We've seen the cost of intelligence drop every year and it's exciting because every year
you're able to get better answers, medicine, everything, health care across the board.
But what are the challenges?
What are going to be the blockers or what are you looking at ahead to say that it's
okay, we have to solve for this.
The drop in cost intelligence has been super exciting here
because so much of what we think about and care about here
is actually about access.
And so the more people have access to technology,
the more people will benefit.
And that's why we're working on rolling out Chatsypita Health
more widely to all free users.
And so that's incredibly exciting.
Another thing that we think about as researchers is like,
where will the marginal gains intelligence compound the most, right?
And so I think Nate mentioned this exciting,
thing, which is like there is more and more data that is being collected that is across different
modalities.
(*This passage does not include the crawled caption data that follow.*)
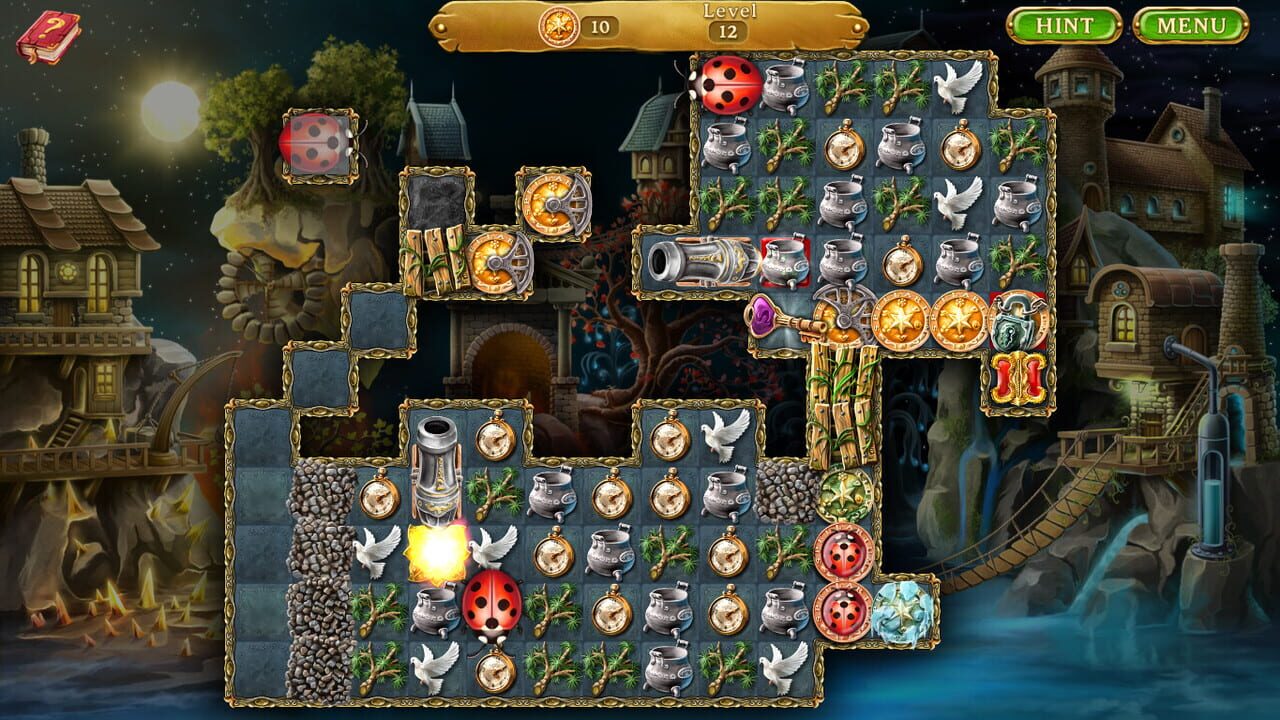Spellarium 9 — Screenshot 1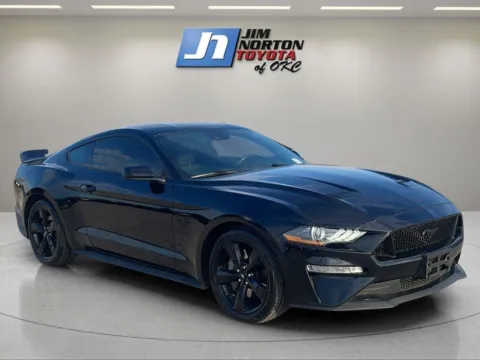 Another view of 2021 Ford Mustang GT for sale in Oklahoma City, OK at Jim Norton Toyota Of OKC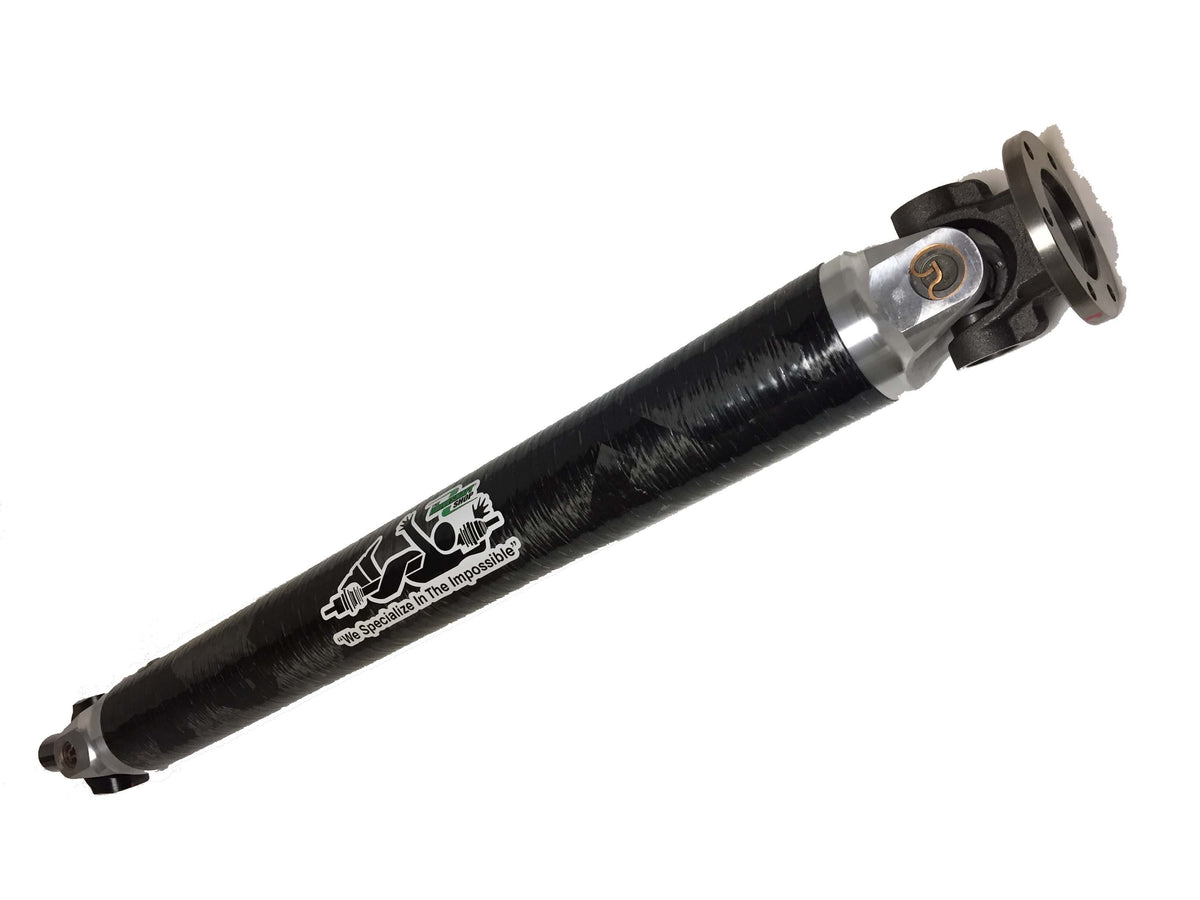 Driveshaft Shop: 2015-2017 Mustang GT S550 Manual with a T56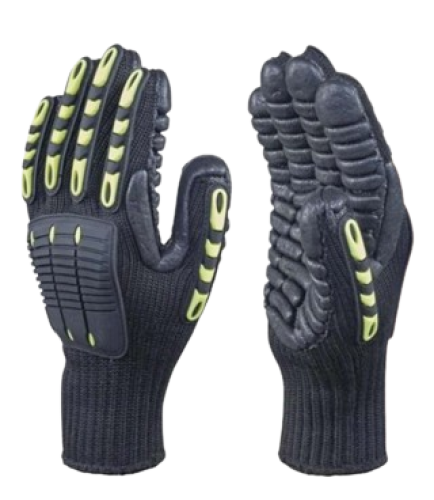 Anti- vibration gloves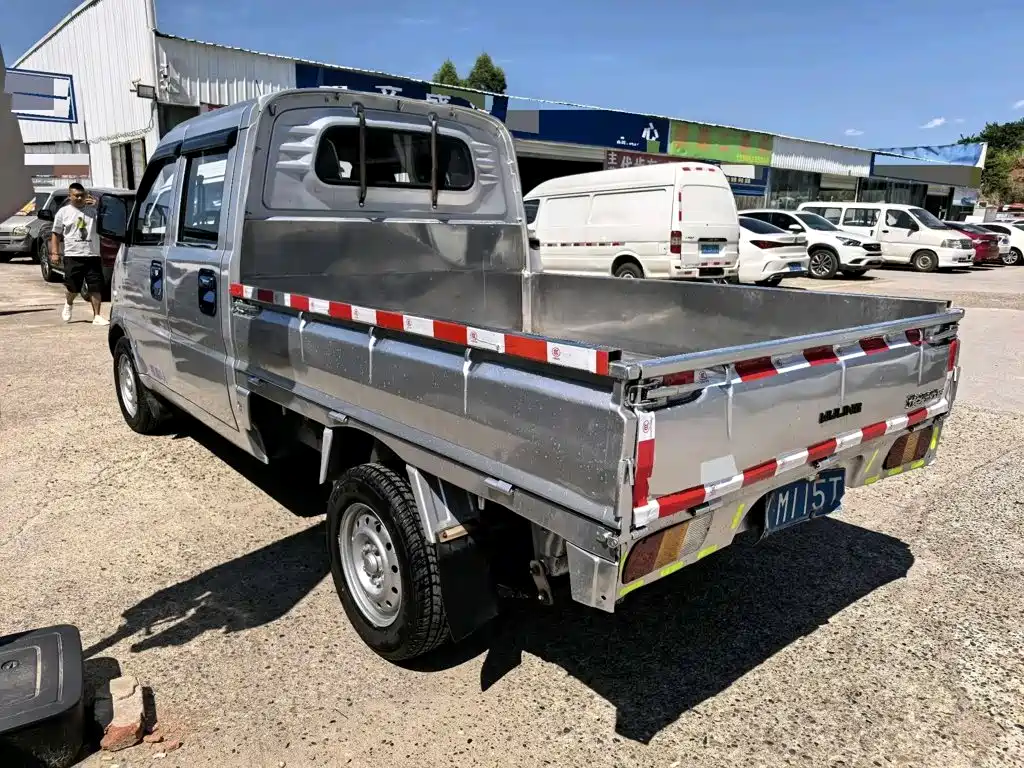 Wuling Rongguang Mini Truck — миниатюра 4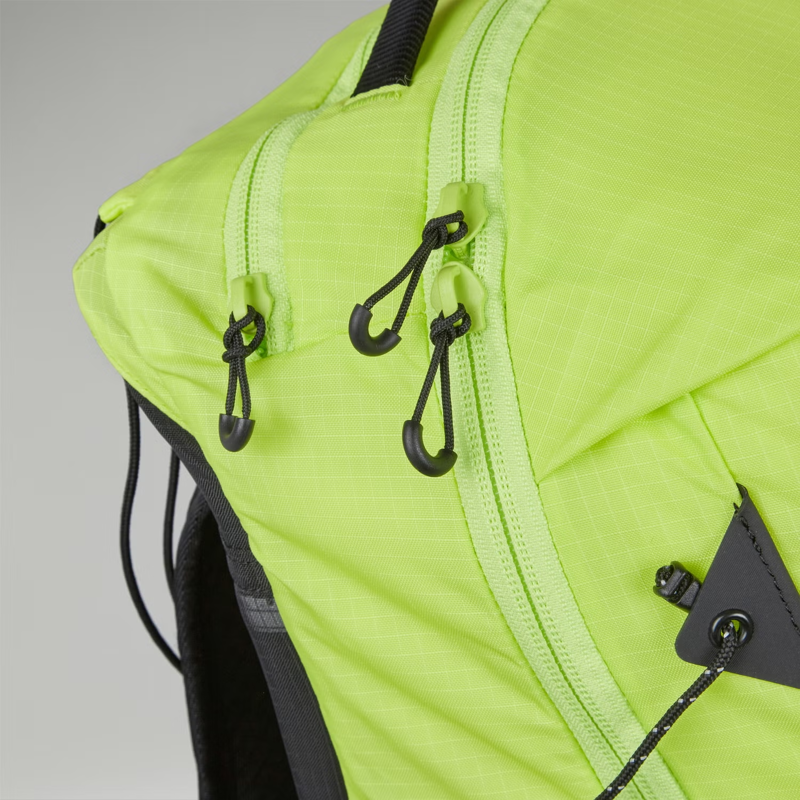 Berghaus Freeflow 24L in Yellow/Jet Black-11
How do you think about integrating that data across all the different ways that people
use chat GPT and all the different modalities and wearables and things like this that people are
collecting, lap tests, things like this? And that's one place where I think a lot of the intelligence
will compound and will start to see kind of new zero one capabilities, like a model looks at my entire
history over a decade and tells me a prediction that even a human couldn't have because
just the model has a higher context size.
So thinking about those zero to one capabilities, I think, are going to be really cool.
The other thing we keep in mind is just like, how are people thinking about and using chat GPT today?
Can we measure that?
Can we improve that?
And I think we're kind of this interesting point right now.
I call this to our team the transition where, you know, for context, I bike to work.
And I bike to work.
I wear my helmet.
I worry about cars and things like this next to me.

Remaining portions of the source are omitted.